Rodriguez, the defendant in a personal injury suit, sought a writ of certiorari to quash a discovery order compelling him to answer discovery relating to his medical circumstances and injuries sustained in the subject accident. Rodriguez had not asserted any causes of action against the plaintiff. Rodriguez therefore argued that only the plaintiff’s injuries were the subject of pretrial discovery.

During pretrial discovery, Rodriguez testified that his leg and ankle had been struck, apparently by debris while standing outside his vehicle at the time of the incident. The plaintiff propounded the discovery at issue in the appeal, which the trial court compelled Rodriguez to answer.
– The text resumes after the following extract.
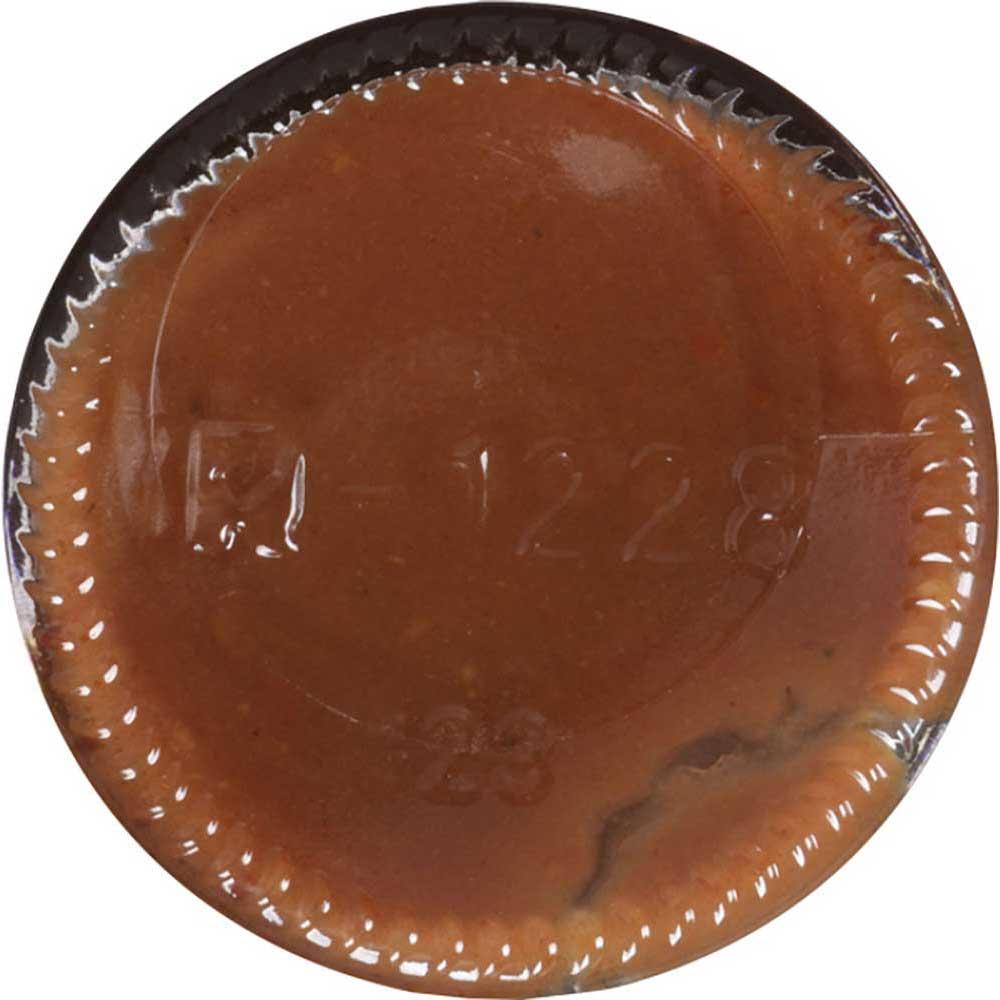 Product gallery 582778916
An order compelling discovery of irrelevant, confidential personal medical records may meet the stringent test for certiorari jurisdiction. The Third DCA noted that it may have exercised certiorari jurisdiction had the trial court’s order required answers to the medical interrogatories without limitation. The plaintiff, however, agreed that any responses to the facially overbroad interrogatories may be confined to those medical circumstances and injuries arising from the accident. Finding that discovery of the nature and extent of Rodriguez’s injuries caused by flying debris could be pertinent to the plaintiff’s proof regarding location and force of the collision, or Rodriguez’s ability to provide information to first responders, the Third DCA denied the writ.